The Grand Old Iranian Feast

With the great Iranian harvest festival approaching, I’ve got food on my mind.

Okay. I often have food on my mind.

But I’m not alone. Zoroastrians are religious about food, and who can blame them? There are, by name at least, seventeen feast days on the Zoroastrian calendar. Eight of these feasts are observed religiously. Imagine having eight Thanksgivings throughout the year!

And no, they don’t fast.

After the harvest feast of September comes Mehregan, a particularly significant feast. It is also a harvest feast, by virtue of its placement on the second day of October. It is the Feast of Mehr, or Mithra. Mehr represents two things in the Iranian mind: ethically, faithfulness to contracts, and symbolically, the sun. Thinking of the crucial role the sun plays in the harvest, and thinking of agriculture as a crucial contract with the earth, one can easily see that Mehr is as good a celestial power as any to be recognized at the onset of Autumn.

Not to suggest that there aren’t other good times to throw a feast.
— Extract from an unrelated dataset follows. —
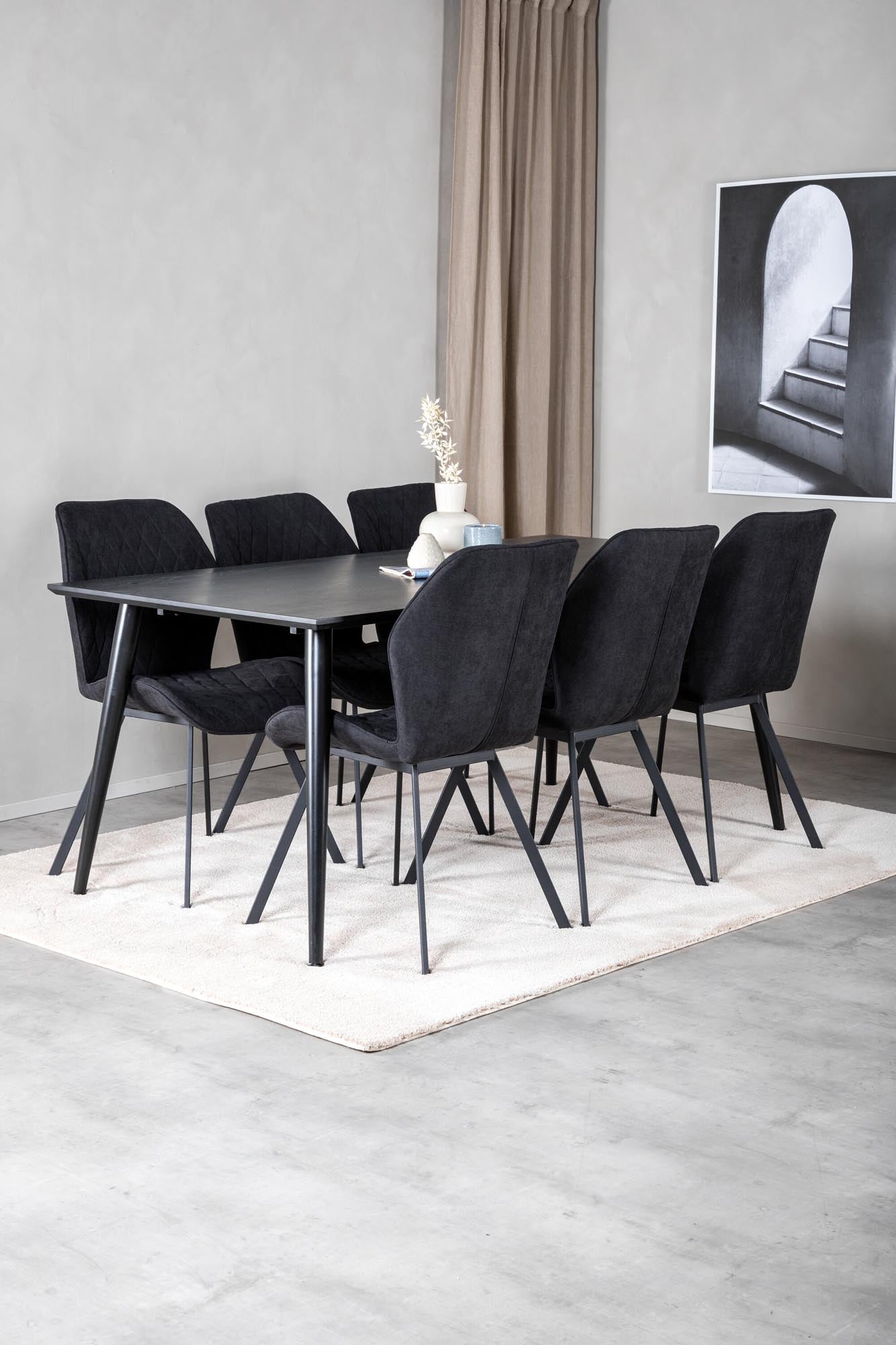 Stilvolles Dipp Esszimmerset 180cm für 6 von Venture Home.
The ancient Iranians also had a Spring feast, a feast for the rains, a Summer feast, a round-up feast (yes, like the cowboys have), a Winter fire feast, and an “All Souls Feast” at the year’s end.

Each Zoroastrian congregation celebrated these festivals by attending religious services early in the day, devoted always to Ahura Mazda, and then by gathering in joyful assemblies, with feasts at which food was eaten communally which had been blessed at the services. Rich and poor met together on these occasions, which were times of general goodwill, when quarrels were made up and friendships renewed and strengthened.

Mary Boyce, Zoroastrians

As I have mentioned more than once before, I was raised in an Iranian religion that has little regard for its pre-Islamic Iranian heritage. I never heard of these feasts as a Bahá’í. If my family had a feast day, that was Thanksgiving. I really liked Thanksgiving. Turkey Day was right up there with Halloween and Independence Day. Thanksgiving was one of those Western holidays that we were free to observe because of its lack of any strong ties to Christianity. It would have been a slippery slope. It seems harmless enough to have a Christmas dinner, but next thing you know you’re fasting for Ramadan. You have to nip these things in the bud!

I attended my first Zoroastrian New Year’s (No Rooz) celebration last Spring, and I’ve been meaning to write something down about what a pleasant experience it was. I went to the fire temple first, with no real intention of joining the festivities in the community hall. I enjoy the fire temple, and I’d go much more often if it were in a more convenient location. It’s a quiet, casual experience. One is expected to remove one’s shoes and wear a cap, but that’s not much to ask. I wouldn’t be comfortable tracking dirt in there anyway, and though the cap is a bit formal for my general liking, it gives me a comfortable sense of—how should I put it—spiritual discipline.

As for the festivities, well, I’m hesitant to jump into the fray with a lot of Iranian strangers (and thus they’ve remained strangers over the years), but once invited, I generally enjoy myself. And what’s not to like? Good food, song, dance, and conversation.

Someone’s bound to point out that Bahá’ís do have observances which they call “feasts”. The Bahá’í Calendar features nineteen meetings which they call “Nineteen Day Feasts.” These Bahá’í “feasts” may have been originally inspired by Iranian culture, but they have little in common with Zoroastrian feasts, or any other traditional feast, for that matter: Bahá’í “feasts” are not really feasts at all.

The 19-day Feast is administrative in function …

Shoghi Effendi,

The Bahá’í feast is primarily an administrative event. It does generally include food in its “social portion” as any good committee meeting would, but the meeting is generally a rather exclusive affair, being limited to Bahá’ís who have not lost their administrative rights, hence these Bahá’í feasts tend to exclude non-Bahá’ís and Bahá’ís without said administrative rights.

The Zoroastrian feasts are quite literally feasts; traditionally an opportunity for the fortunate to share the bounty of their good fortune with the less fortunate. The Bahá’í feast, though it generally involves food, is more often described as a feast of spiritual sustenance — in a distinctively administrative sense so characteristic of Bahá’í practice.